Ancien fleuron de l’industrie agroalimentaire

L’atout du Cambrésis, selon lui, c’est le nœud autoroutier. « Nous sommes loin des grandes métropoles, mais la proximité de deux grandes autoroutes nous aide », explique Charles Blangis. De fait, les dix dernières années ont vu rebondir l’emploi dans le Cambrésis, avec un gain d’environ 10 %, selon l’Insee. Le taux de chômage, qui n’avait cessé de croître jusqu’en 2015, s’est stabilisé. Seul bémol : la population vieillit inexorablement.

Problème, les récentes annonces de fermeture touchent des secteurs symboliques. A Caudry, l’usine Buitoni, qui a été inaugurée en 1980, a longtemps été présentée comme un fleuron de l’agroalimentaire. Quarante ans et un changement de propriétaire plus tard, elle semble faire les frais d’un repositionnement de Nestlé. « Le groupe se débarrasse de ses enseignes de malbouffe. On a l’impression d’une non-volonté de redémarrer après le scandale alimentaire des pizzas surgelées », n’hésite pas à dénoncer Frédéric Bricout, le maire de Caudry.
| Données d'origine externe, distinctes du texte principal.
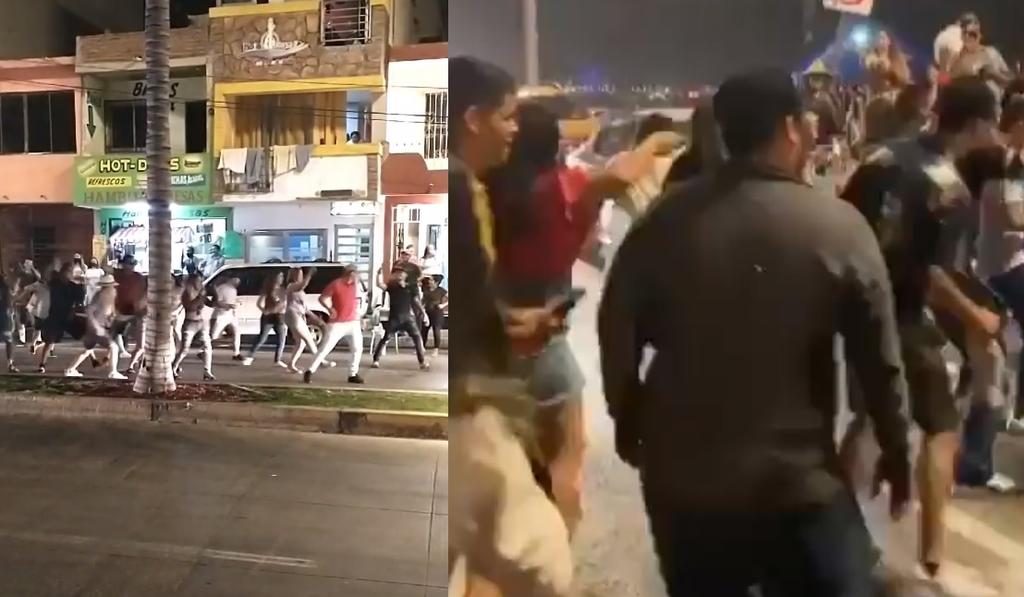 Decenas de personas bailan 'Payaso de Rodeo' en malecón de Mazatlán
La fin de l’usine Buitoni serait, certes, un vilain signal, mais la ville garde encore une grosse activité industrielle avec L’Oréal, qui emploie environ 450 salariés et la dentelle, activité historique de la ville, où travaillent toujours quelque 500 personnes. Ce n’est pas le cas d’Escaudœuvres, à 15 km de là. L’annonce de la fermeture de la sucrerie Tereos, le 8 mars, quelques jours après celle de Buitoni, a fait l’effet d’une « détonation », souligne le maire, Thierry Bouteman.

Numéro un mondial à la fin du XIXe siècle

Dans cette ville de 3.000 habitants, accolée à Cambrai, l’usine devait fêter ses 150 ans, la semaine dernière. « Tout était prêt, nous avions préparé les festivités avec les dirigeants de l’usine. On a dû tout annuler. A aucun moment, ils ne nous ont prévenus de ce projet de fermeture, alors que la décision ne s’est pas prise du jour au lendemain », regrette Thierry Bouteman.
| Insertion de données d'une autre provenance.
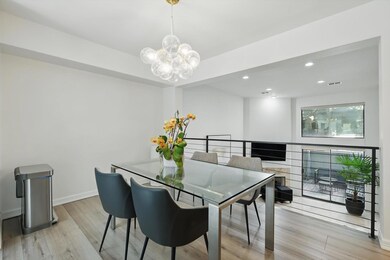 Dining room with recessed lighting, baseboards, an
C’est surtout un symbole qui s’éteint car la sucrerie d’Escaudœuvres était la dernière du département encore en fonctionnement. A la fin du XIXe siècle, elle était même le site numéro un mondial pour la production de sucre provenant de la betterave, comme l’explique un podcast de France Culture. Et bien avant l’apparition de l’industrie de la betterave sucrière, on raffinait déjà du sucre à la fin du XVIIe siècle, dans le Nord et surtout à Lille.
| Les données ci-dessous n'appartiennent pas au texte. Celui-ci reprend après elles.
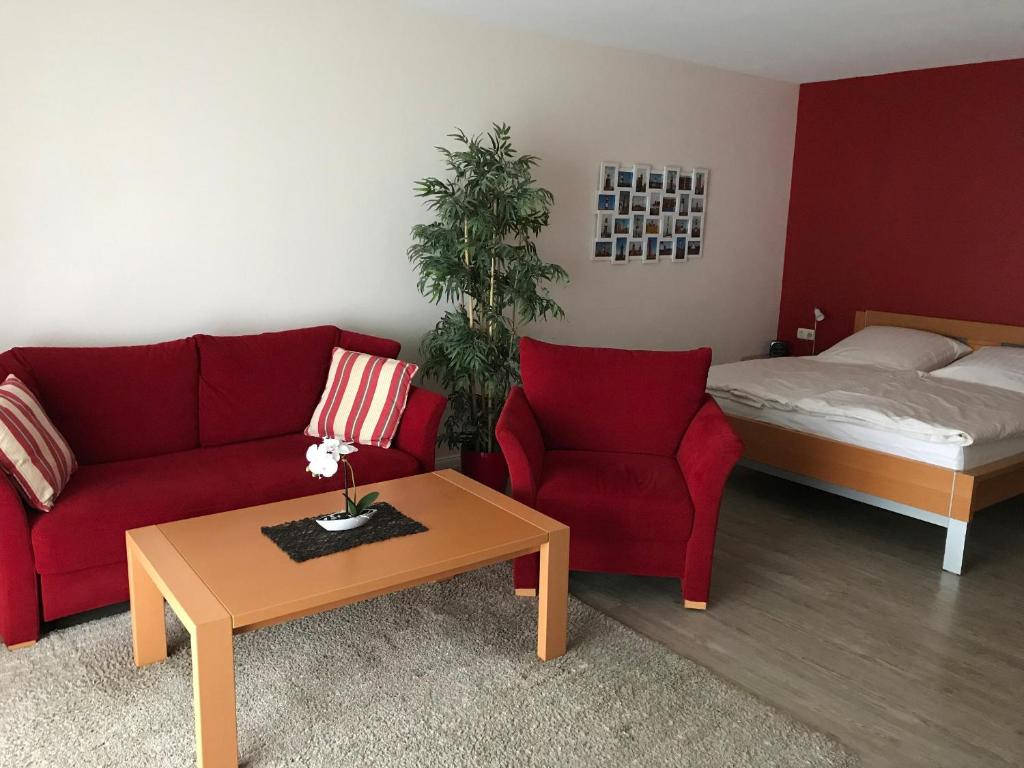 a living room with a red couch and a bed at Steiner Strandappartements Appartement 303 Seeseite in Stein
La fin de cette activité risque, en plus, d’avoir des effets collatéraux importants. Selon les syndicats, la disparition de chaque emploi chez Tereos va en supprimer 13 autres. Sans compter les saisonniers, environ 120 personnes, qui travaillaient à l’automne au moment de la récolte des betteraves.

« C’est tout un territoire qui est touché, notamment, les agriculteurs qui avaient l’habitude de se fournir en pulpes de betteraves pour nourrir leurs vaches », s’inquiète le maire. Même si ce dernier croit encore au maintien d’une activité sur le site, il ressent « beaucoup de colère et de déception, avec l’impression d’avoir été trahi ».